AIG should be applauded for its proactive approach, which probably will result in lower insurance premiums to its policyholders in the aggregate. I can't see how AIG's approach is any different from a corporation's paying for its own security services in a high-crime area or an insurance company's charging a lower premium for added security measures, good health, or a spotless driving record. In the end, the financial burden is placed on the individual or entity seeking the protection and not on society as a whole.

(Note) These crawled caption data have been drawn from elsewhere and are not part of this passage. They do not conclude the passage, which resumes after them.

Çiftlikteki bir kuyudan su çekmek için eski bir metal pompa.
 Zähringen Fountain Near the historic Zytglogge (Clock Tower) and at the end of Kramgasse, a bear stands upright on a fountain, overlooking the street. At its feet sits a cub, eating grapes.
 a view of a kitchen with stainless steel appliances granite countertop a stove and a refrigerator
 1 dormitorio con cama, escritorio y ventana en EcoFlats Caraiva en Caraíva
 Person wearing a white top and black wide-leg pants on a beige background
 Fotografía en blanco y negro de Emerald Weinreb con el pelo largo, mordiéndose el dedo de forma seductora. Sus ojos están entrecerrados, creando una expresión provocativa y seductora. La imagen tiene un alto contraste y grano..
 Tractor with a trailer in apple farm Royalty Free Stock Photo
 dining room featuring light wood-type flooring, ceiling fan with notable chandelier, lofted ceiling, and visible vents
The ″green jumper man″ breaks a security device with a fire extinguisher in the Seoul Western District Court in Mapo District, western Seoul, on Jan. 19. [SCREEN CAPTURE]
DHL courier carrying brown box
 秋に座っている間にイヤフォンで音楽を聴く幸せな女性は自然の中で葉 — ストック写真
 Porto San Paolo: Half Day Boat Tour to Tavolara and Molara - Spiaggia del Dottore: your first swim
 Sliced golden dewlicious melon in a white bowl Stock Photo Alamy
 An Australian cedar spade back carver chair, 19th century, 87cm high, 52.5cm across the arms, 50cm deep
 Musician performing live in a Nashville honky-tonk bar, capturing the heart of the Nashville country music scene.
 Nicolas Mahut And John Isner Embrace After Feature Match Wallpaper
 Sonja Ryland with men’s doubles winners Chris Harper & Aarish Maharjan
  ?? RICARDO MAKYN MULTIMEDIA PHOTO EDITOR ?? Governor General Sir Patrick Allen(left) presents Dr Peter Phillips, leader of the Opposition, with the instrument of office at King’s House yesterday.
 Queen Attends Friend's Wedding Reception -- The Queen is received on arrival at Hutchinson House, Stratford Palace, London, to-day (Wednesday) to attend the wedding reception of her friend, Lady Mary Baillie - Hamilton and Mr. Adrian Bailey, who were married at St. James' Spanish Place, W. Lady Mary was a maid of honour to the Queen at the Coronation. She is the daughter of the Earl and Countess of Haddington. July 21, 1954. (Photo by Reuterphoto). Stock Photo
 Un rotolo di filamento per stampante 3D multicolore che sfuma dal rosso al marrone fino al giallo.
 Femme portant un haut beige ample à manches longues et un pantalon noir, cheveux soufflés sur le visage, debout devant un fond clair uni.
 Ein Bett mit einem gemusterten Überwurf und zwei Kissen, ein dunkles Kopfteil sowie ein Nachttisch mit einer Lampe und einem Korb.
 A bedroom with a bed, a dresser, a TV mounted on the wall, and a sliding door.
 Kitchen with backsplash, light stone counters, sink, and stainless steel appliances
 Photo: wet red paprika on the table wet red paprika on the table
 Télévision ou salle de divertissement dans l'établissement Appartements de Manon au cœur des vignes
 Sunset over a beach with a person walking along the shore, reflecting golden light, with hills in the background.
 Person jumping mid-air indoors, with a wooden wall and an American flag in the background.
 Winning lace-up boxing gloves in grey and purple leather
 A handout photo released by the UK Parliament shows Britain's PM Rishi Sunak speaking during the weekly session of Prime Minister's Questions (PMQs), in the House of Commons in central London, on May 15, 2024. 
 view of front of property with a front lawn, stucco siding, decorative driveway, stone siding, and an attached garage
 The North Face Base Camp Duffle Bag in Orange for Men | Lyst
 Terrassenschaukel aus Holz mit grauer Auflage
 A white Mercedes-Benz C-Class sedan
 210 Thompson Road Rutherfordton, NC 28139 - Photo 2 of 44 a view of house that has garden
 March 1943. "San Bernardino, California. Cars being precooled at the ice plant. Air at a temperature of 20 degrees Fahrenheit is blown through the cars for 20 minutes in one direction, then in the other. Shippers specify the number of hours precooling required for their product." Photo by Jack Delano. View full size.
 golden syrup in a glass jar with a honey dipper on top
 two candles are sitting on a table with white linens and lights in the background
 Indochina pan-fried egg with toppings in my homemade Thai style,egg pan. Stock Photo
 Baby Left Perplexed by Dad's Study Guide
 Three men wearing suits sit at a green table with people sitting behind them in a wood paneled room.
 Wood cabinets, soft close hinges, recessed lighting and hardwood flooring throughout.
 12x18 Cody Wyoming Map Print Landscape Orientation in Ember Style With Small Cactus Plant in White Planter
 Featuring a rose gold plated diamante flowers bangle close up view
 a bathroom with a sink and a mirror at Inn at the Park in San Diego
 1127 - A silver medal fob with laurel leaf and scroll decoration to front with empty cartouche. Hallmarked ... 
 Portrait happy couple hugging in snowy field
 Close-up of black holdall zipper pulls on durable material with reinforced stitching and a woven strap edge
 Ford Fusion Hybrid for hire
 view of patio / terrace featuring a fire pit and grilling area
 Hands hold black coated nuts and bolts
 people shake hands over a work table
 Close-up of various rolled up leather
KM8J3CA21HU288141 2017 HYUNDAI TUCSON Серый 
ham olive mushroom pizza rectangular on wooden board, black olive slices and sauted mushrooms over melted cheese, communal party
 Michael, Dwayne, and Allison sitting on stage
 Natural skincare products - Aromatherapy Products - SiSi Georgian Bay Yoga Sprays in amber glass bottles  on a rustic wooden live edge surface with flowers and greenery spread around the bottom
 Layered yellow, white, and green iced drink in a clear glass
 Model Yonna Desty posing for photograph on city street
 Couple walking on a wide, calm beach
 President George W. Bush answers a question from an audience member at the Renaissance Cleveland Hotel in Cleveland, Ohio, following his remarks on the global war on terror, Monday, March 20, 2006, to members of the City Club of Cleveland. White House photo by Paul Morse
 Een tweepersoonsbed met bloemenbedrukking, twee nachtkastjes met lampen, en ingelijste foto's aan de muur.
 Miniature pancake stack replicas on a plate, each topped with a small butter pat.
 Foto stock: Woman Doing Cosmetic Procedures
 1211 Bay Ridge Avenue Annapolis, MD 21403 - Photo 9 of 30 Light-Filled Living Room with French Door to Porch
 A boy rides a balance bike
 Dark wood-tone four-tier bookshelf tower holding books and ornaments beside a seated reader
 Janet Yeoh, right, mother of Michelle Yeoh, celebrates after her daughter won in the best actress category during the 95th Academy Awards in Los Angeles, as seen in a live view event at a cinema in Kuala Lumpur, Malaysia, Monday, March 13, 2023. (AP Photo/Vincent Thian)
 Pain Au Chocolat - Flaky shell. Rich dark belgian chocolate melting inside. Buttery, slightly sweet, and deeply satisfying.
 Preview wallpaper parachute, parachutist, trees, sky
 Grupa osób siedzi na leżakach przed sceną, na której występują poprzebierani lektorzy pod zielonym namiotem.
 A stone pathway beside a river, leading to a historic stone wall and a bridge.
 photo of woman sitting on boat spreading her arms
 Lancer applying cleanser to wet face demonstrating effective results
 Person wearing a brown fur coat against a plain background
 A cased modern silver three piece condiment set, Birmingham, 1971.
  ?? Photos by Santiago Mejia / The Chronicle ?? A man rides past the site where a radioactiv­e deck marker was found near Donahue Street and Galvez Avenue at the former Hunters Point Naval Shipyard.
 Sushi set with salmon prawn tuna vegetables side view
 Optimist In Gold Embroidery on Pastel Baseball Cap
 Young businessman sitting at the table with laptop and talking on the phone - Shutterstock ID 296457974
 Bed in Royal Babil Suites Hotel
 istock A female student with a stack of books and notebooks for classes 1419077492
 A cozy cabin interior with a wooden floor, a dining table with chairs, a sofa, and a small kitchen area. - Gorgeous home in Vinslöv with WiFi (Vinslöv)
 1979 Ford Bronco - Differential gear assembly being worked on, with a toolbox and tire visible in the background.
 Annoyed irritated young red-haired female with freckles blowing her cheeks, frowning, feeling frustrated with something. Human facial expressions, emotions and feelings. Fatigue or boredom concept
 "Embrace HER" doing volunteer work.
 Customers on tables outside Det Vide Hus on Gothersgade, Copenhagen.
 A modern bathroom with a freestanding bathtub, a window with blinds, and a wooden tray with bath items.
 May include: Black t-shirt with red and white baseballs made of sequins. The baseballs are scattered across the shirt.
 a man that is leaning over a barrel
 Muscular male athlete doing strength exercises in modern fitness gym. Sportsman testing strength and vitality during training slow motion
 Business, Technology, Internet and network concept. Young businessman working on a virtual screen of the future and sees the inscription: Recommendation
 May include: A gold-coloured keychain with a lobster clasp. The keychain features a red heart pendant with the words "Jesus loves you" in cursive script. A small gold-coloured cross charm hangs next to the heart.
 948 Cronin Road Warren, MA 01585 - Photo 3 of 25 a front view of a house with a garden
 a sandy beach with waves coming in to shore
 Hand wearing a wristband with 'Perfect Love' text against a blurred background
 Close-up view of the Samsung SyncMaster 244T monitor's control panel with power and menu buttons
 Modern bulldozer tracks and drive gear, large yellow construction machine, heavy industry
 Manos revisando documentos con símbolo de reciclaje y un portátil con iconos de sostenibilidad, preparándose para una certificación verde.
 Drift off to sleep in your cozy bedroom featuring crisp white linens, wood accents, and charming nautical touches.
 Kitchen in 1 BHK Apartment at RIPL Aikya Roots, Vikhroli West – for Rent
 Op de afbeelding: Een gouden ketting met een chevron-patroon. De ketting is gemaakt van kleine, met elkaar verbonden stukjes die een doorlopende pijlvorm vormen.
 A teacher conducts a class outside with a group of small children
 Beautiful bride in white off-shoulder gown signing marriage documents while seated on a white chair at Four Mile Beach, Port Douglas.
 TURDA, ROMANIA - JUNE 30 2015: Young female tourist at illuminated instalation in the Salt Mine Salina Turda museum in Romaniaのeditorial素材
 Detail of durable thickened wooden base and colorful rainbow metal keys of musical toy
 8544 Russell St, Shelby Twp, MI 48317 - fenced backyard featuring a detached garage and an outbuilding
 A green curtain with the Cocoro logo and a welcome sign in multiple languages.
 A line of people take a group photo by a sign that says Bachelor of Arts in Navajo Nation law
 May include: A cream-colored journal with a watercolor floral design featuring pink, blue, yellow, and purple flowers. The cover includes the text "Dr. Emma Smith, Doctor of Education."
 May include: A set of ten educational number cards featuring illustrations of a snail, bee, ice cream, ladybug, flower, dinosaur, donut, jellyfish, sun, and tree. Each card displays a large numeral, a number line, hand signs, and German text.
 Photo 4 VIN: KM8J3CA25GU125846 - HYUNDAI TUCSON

In this case, California's wealthiest in conjunction with their insurers have taken it upon themselves to buy an additional layer of fire protection in lieu of draining public resources. How does this not benefit John Q. Public in the long run?
Eric J. Smith
Bloomfield Township, MI

Guests in the Machine
I was surprised to read Kerry Howley's praise for a guest worker program and her advocacy for its implementation in the United States ("Guests in the Machine," January). I find it hard to believe that any proponent of limited government would support such a program, which would undoubtedly require active involvement, as well as the devotion of expensive resources, by the federal government. It seems inconsistent with the traditional principles of libertarianism to promote a federal project of this magnitude. By simply enforcing the law and ensuring that every person employed by an American company is a taxpaying and law-abiding citizen, the federal government can take a much more direct approach to the immigration problem in a way that requires far less bureaucracy than a guest worker program.
Matt Varvaro
Port Washington, NY

Kerry Howley replies: Matt Varvaro forgets that the prohibition on free movement across our southern border is a massively expensive government program. In 1986 the U.S. Border Patrol had an annual budget of $151 million. Today it is $3.5 billion. Even by conservative estimates, the proposed 700-mile border fence will cost many billions more. As taxpayers are hit, so too are border businesses that depend on cross-border trade.

While the fiscal strain is staggering, the costs to human freedom may be even more troubling. For those not granted the benefits of U.S. citizenship, the curbs on autonomy are obvious. But the same ban that prevents non-Americans from traversing the border prohibits Americans from hiring whom they wish, from housing their noncitizen mothers and fathers, from bringing same-sex domestic partners into the United States. As with similarly failed prohibitions on drugs and the commercial sale of sex, I take the position that even a highly regulated regime is preferable to this comprehensive ban on peaceful cooperation. I find it hard to believe that any proponent of limited government would not agree.

Remembering 'The Forgotten Man'
Amity Shlaes says in her interview ("Remembering 'The Forgotten Man,'?" January) a lot that should be said. But she also says some things that shouldn't be said, especially about the Federal Reserve. Shlaes adopts Milton Friedman's thesis that the Fed failed in its duty by contracting the quantity of money between 1929 and 1932. She cites Irving Fisher, whom she admires, as saying, "There must be more money!"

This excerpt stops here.